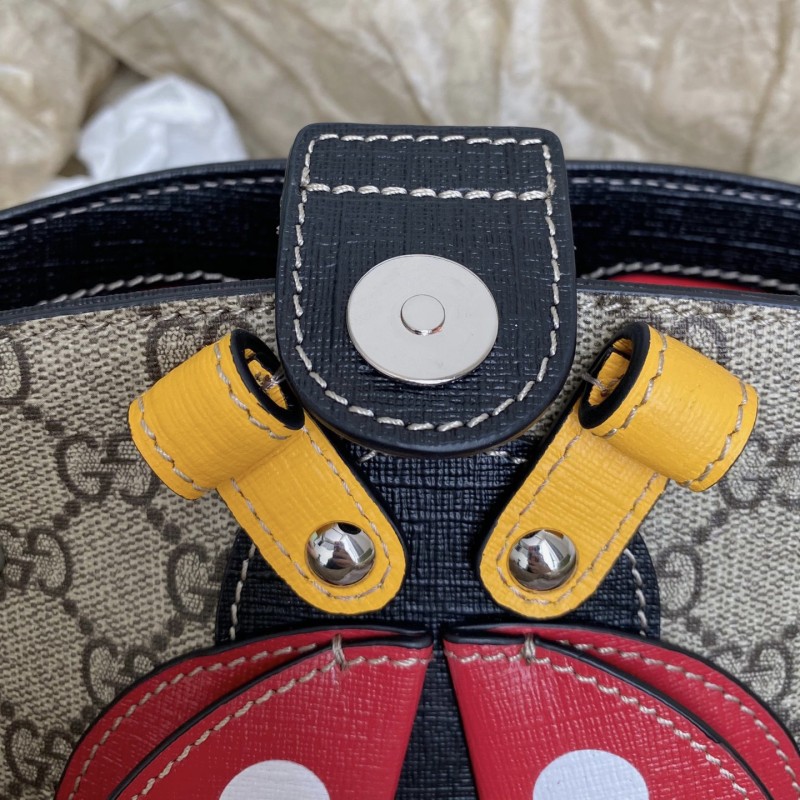 Gucci Tote 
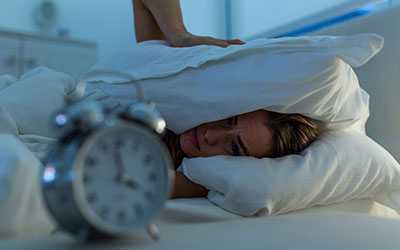 Бессонница - Веримед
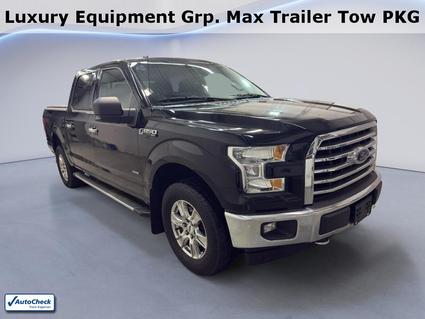 2017 Ford F-150 Brunswick OH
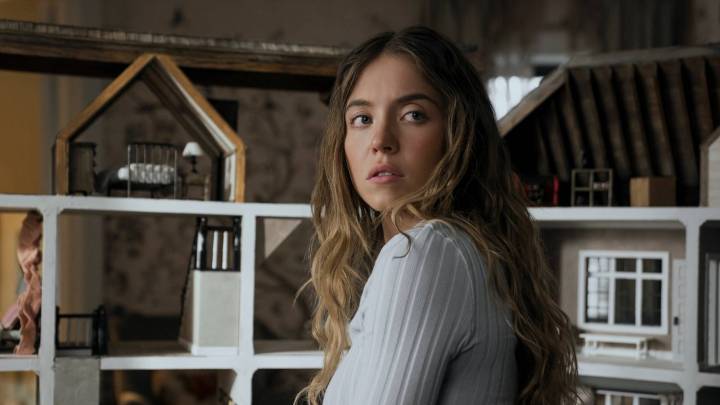 Sydney Sweeney's The Housemaid Trailer Debuts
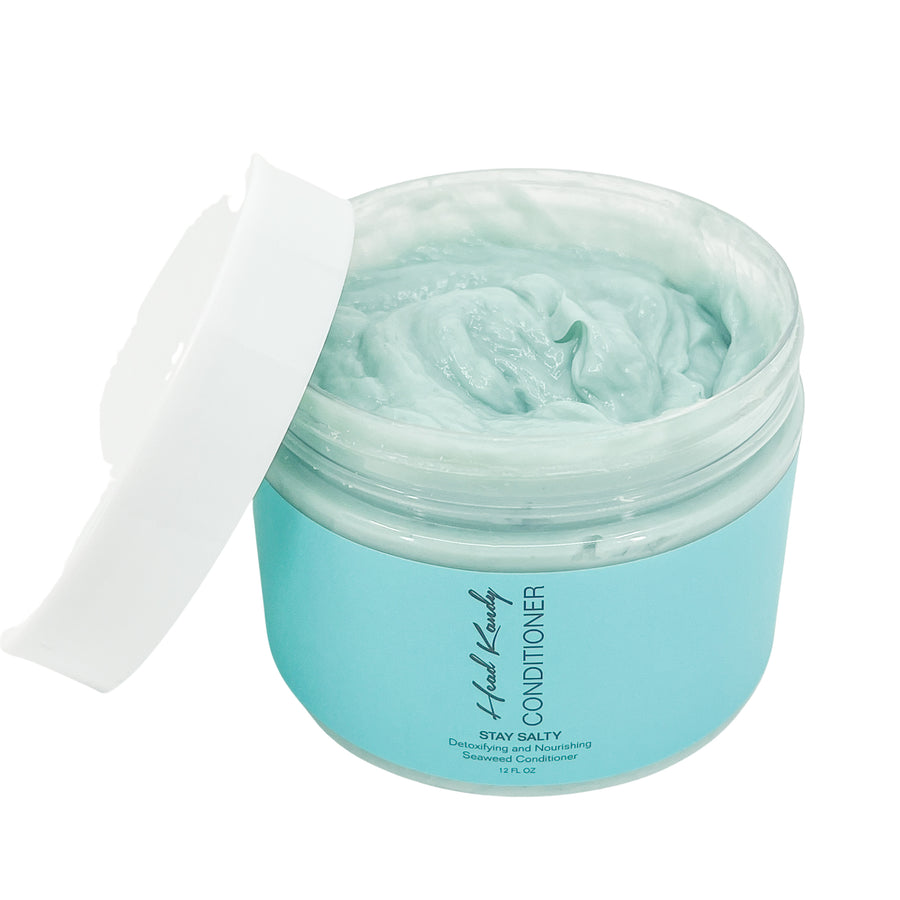 Stay Salty Detoxifying Conditioner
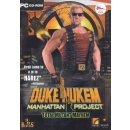 Duke Nukem Manhattan Project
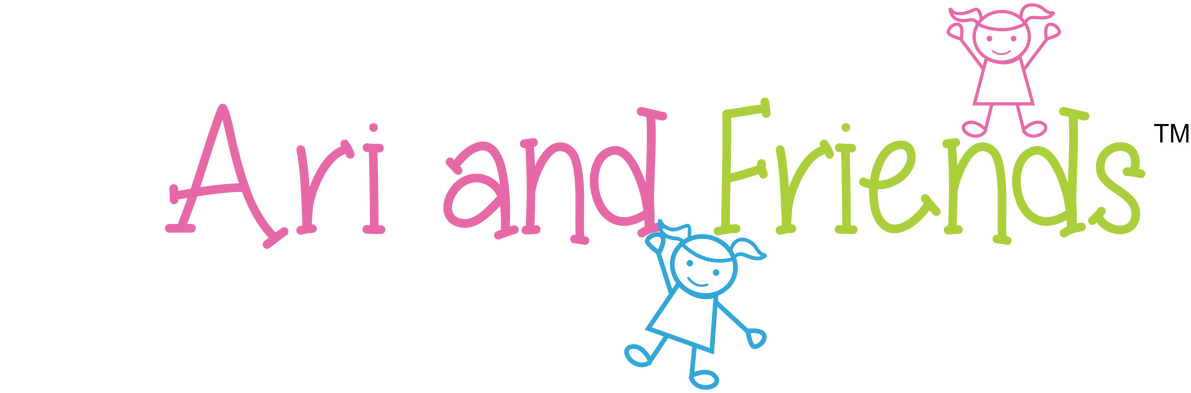 Ari And Friends Cupcake Swimsuit Fits American Girl - Panda Bear Pink Cute Personalized Any Name Bottle Cap (1280x1067), Png Download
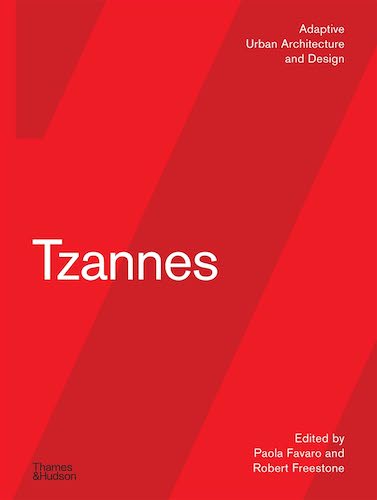 Tzannes: Innovative Adaptive Urban Architecture & Design Solutions for Modern City Living | Sustainable & Smart Urban Spaces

•••••

• _Activity_: Will you set down the records word for word while leaving out every picture?

• _Answer to this exercise_:
 Gucci Tote 
 Бессонница - Веримед
 2017 Ford F-150 Brunswick OH
 Sydney Sweeney's The Housemaid Trailer Debuts
 Stay Salty Detoxifying Conditioner
 Duke Nukem Manhattan Project
 Ari And Friends Cupcake Swimsuit Fits American Girl - Panda Bear Pink Cute Personalized Any Name Bottle Cap (1280x1067), Png Download
 Tzannes: Innovative Adaptive Urban Architecture & Design Solutions for Modern City Living | Sustainable & Smart Urban Spaces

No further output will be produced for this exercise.